The report calls for a boundary study performed by the National Park Service at the request of Congress to identify how to fill gaps and notches and connect fragments.

Indiana Dunes National Lakeshore Superintendent Costa Dillon agreed the sometimes undefined boundaries of the park cause difficulties and lost opportunities. Only 10 percent of the park's boundaries have been surveyed.
Visitor identification and understanding of what's in and what's out of the park is difficult. Parking areas are a prime example, Dillon said. Because of the irregular boundaries, visitors often are uncertain as to which lots are owned by the park and which are owned by municipalities.

There's also no defined entrance or gate into the park, which confuses visitors and prevents the national lakeshore from charging entry fees like other national parks do, Dillon said. Fees collected at a national park stay within that national park and could be used to pay for infrastructure or shuttles.

A boundary study, Dillon said, would determine if the park's present boundaries are effective in meeting the park's mission.
However, the National Park Service is not looking to do a boundary study now, Dillon said. * * *

Former Superintendent Dale Engquist, now president of the Shirley Heinze Land Trust, said that during his tenure the park's boundaries were expanded in 1976, 1980, 1986 and 1992.
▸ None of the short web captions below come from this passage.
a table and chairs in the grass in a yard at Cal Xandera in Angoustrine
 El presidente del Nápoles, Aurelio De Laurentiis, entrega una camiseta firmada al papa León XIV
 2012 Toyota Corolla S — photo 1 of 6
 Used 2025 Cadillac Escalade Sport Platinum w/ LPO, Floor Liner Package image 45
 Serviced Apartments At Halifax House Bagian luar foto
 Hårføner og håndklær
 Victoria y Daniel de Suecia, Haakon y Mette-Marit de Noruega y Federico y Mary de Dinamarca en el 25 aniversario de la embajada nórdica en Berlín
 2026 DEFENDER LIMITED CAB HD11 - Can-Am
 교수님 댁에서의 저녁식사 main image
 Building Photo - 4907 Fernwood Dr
Each expansion was done on a piecemeal basis at the request of an outside group, Engquist said.

"No one ever looked independently at what should be in the park," Engquist said, adding that has added to the disjointed, fragmented boundaries. "As the former superintendent, if someone had proposed a boundary study to define where the boundaries are, I would have supported it."

If there were a study to identify new boundaries, those boundaries would have to be approved by Congress. Even then, the National Park Service wouldn't own the land. There are about 100 parcels within the park's boundaries that are not owned by the park service.

Current policy dictates property be purchased only from willing sellers. Funding for park land purchases also has been cut.

But buying land doesn't have to be the only answer to protect the park, Engquist said.

"We have to look at where is the park most threatened, where is its most sensitive boundary," he said. It is those locations where a conservation easement could be in place to protect the boundaries.